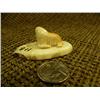 Image 2 : Fossilized ivory walrus on fossilized ivory  base by L.i.j.w. 7/8"x2.25" (74)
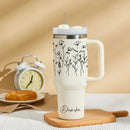Personalized FleurFlow™ Tumbler with Straw & Lid-3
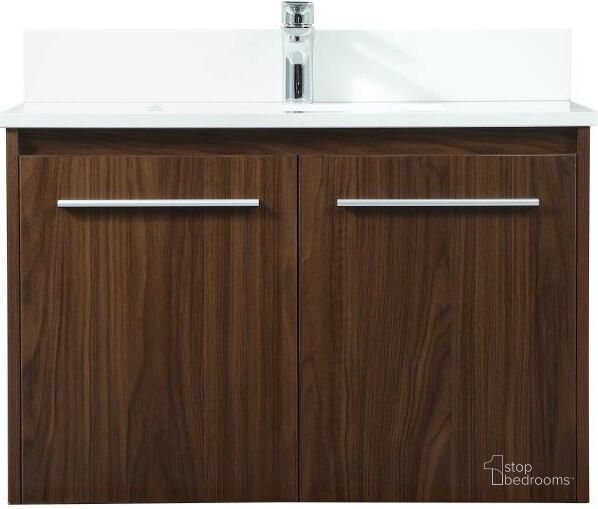 The appearance of Penn 30 Inch Single Bathroom Vanity In Walnut With Backsplash designed by Elegant Lighting in the transitional interior design. This walnut piece of furniture  was selected by 1StopBedrooms from Penn Collection to add a touch of cosiness and style into your home. Sku: VF44530MWT-BS. Material: MDF. Product Type: Bathroom Vanity. Image1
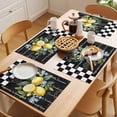 thumbnail image 5 of Summer Lemon Placemats Set of 6 Vintage Black Plaid Blue Spring Floral Place Mats Indoor Wipeable Table Mats Washable Cloth Dining Table Placemats for Kitchen Holiday Party Home Decor 13x19 Inch, 5 of 9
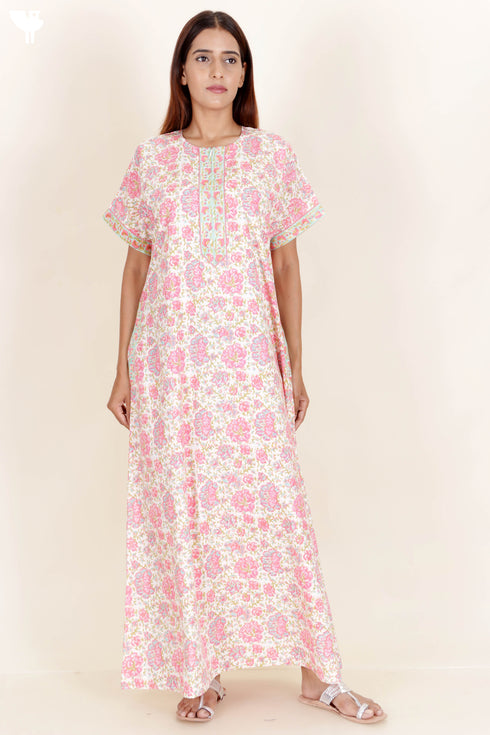 Bizzy Lizzy Zipper Kaftan In Floral Block Print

═══

What is required:
Without including any pictures, print each record exactly.

Exercise result:
 Image 2 : Fossilized ivory walrus on fossilized ivory  base by L.i.j.w. 7/8"x2.25" (74)
Personalized FleurFlow™ Tumbler with Straw & Lid-3
 The appearance of Penn 30 Inch Single Bathroom Vanity In Walnut With Backsplash designed by Elegant Lighting in the transitional interior design. This walnut piece of furniture  was selected by 1StopBedrooms from Penn Collection to add a touch of cosiness and style into your home. Sku: VF44530MWT-BS. Material: MDF. Product Type: Bathroom Vanity. Image1
 thumbnail image 5 of Summer Lemon Placemats Set of 6 Vintage Black Plaid Blue Spring Floral Place Mats Indoor Wipeable Table Mats Washable Cloth Dining Table Placemats for Kitchen Holiday Party Home Decor 13x19 Inch, 5 of 9
 Bizzy Lizzy Zipper Kaftan In Floral Block Print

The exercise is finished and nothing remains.